TASK REQUIREMENTS
Beneath this instruction is a listing. Transcribe from it only the stretch from the line with "Salmo Slider Wobbler 7cm" through the line with "Tapis Coton Écru", both end lines included, exactly as written.

RECORDS FOR THE EXERCISE
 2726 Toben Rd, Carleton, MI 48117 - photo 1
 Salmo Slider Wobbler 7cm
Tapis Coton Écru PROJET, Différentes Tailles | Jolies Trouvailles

---

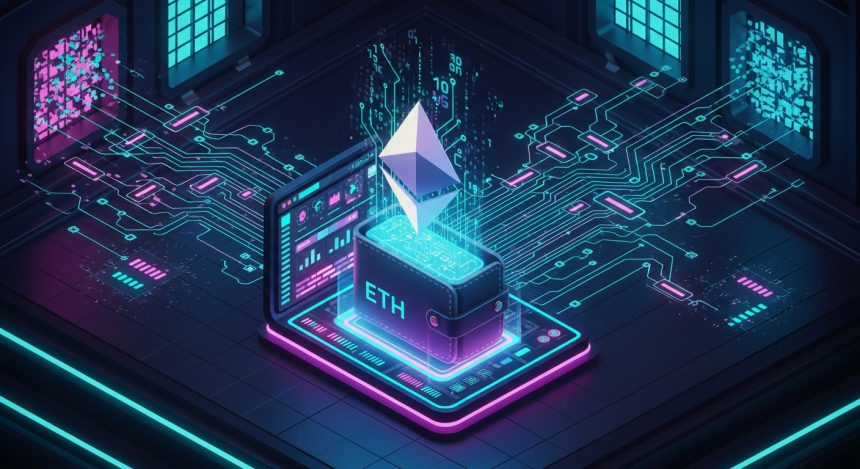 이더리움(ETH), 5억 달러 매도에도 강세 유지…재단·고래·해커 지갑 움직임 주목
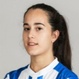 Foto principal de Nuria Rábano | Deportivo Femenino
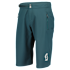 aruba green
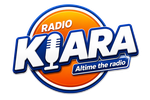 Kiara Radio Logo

TASK OUTPUT
 Salmo Slider Wobbler 7cm
Tapis Coton Écru PROJET, Différentes Tailles | Jolies Trouvailles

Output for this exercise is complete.